MATERIAL TO PROCESS »
▶
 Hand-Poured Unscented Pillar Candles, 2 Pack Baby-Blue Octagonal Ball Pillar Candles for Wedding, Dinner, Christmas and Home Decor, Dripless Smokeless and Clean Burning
◀
▶
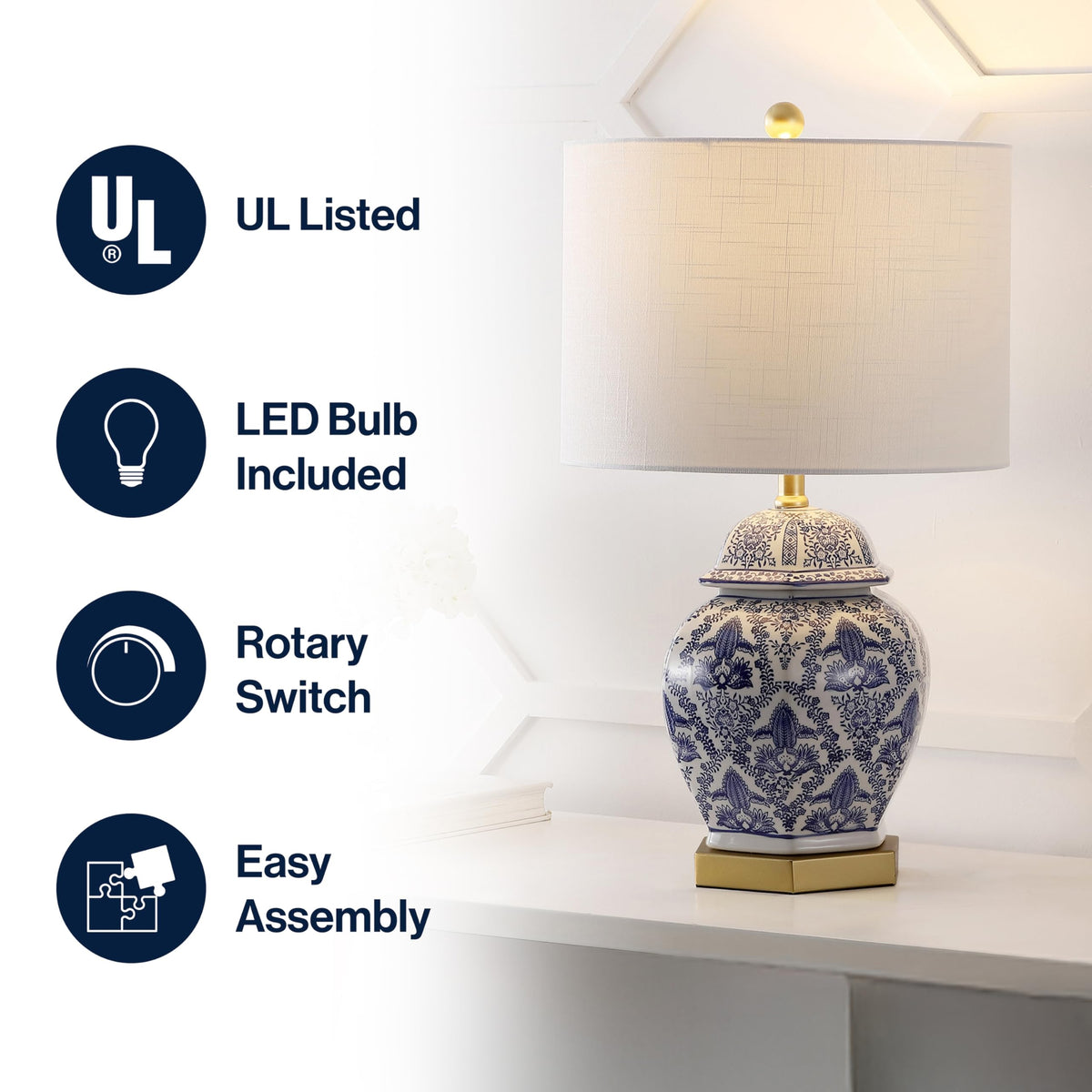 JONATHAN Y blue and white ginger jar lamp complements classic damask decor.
◀
▶
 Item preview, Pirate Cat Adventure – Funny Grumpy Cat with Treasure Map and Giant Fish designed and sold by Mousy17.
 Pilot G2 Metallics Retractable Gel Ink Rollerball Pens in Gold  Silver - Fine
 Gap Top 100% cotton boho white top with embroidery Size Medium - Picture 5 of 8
◀
EXERCISE DESCRIPTION » Going down the listing above, begin printing at the line with "Pilot G2 Metallics" and finish with the line with "Gap Top 100%", exactly as they appear.

SOLUTION TO THE PROBLEM »
 Pilot G2 Metallics Retractable Gel Ink Rollerball Pens in Gold  Silver - Fine
 Gap Top 100% cotton boho white top with embroidery Size Medium - Picture 5 of 8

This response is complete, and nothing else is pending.